─── Exercise data ───

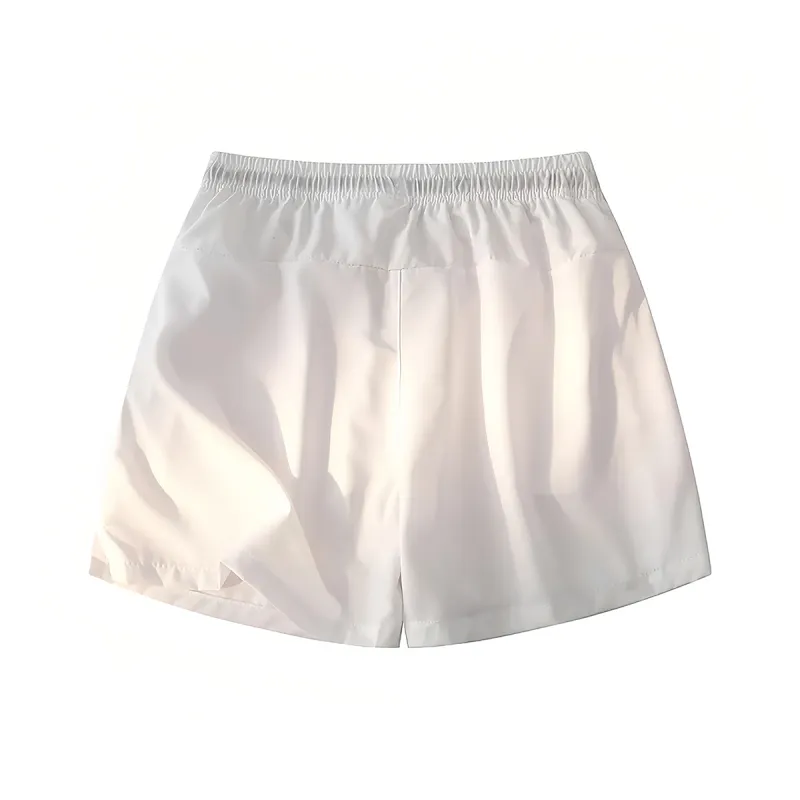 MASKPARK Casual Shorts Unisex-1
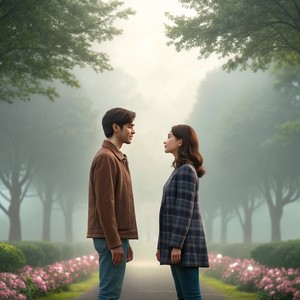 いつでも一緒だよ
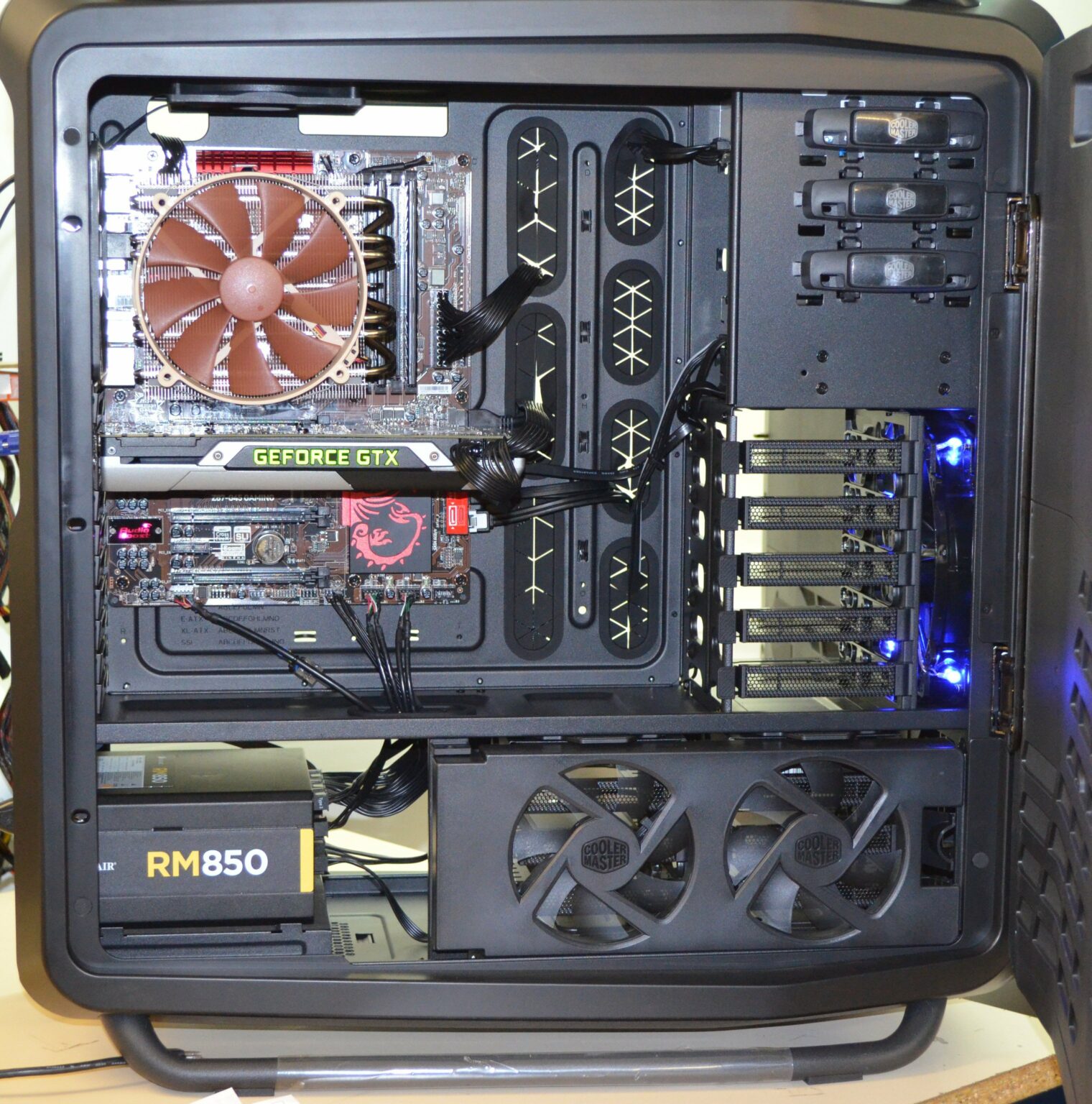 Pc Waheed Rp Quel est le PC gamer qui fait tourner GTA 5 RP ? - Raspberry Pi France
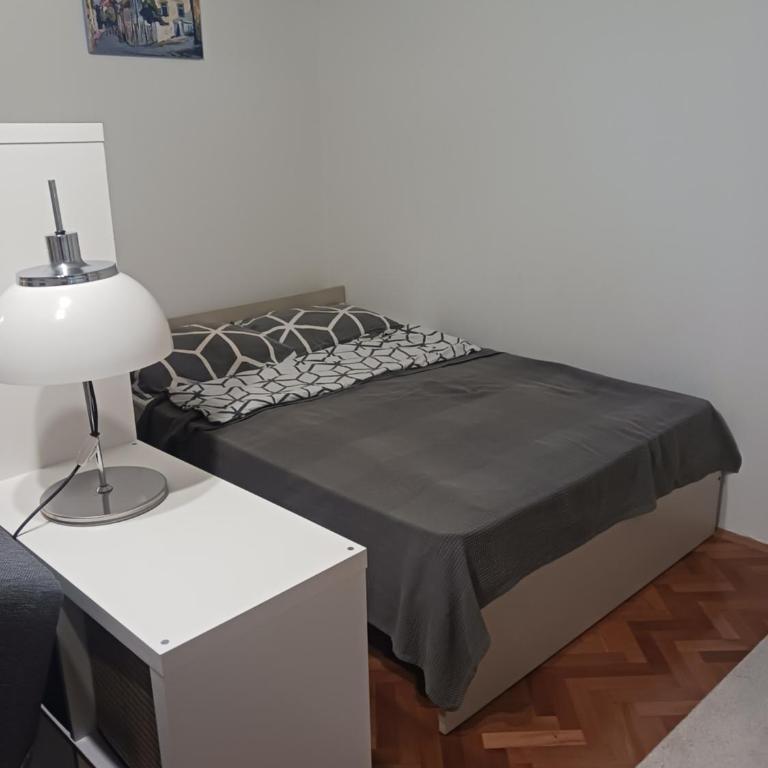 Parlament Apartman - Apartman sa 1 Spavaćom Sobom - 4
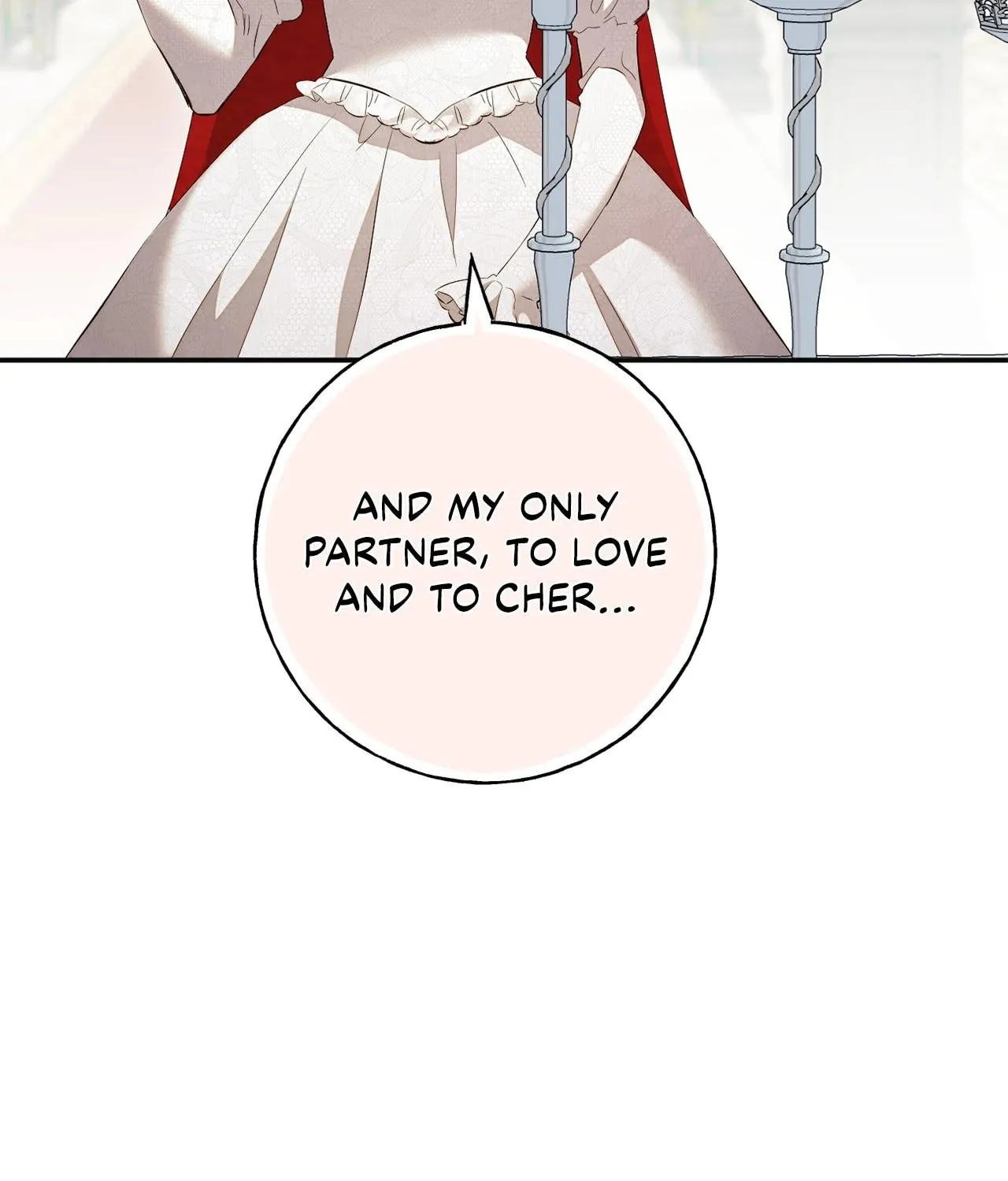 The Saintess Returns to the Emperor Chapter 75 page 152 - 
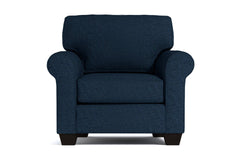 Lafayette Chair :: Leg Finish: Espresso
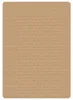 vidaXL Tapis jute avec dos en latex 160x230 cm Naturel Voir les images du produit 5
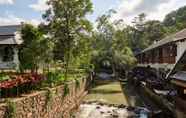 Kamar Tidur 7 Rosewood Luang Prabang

───

§ **Task to complete**: Could you retype the whole listing word for word, minus its pictures?

§ **Answer**:
 MASKPARK Casual Shorts Unisex-1
 いつでも一緒だよ
 Pc Waheed Rp Quel est le PC gamer qui fait tourner GTA 5 RP ? - Raspberry Pi France
 Parlament Apartman - Apartman sa 1 Spavaćom Sobom - 4
 The Saintess Returns to the Emperor Chapter 75 page 152 - 
 Lafayette Chair :: Leg Finish: Espresso
 vidaXL Tapis jute avec dos en latex 160x230 cm Naturel Voir les images du produit 5
 Kamar Tidur 7 Rosewood Luang Prabang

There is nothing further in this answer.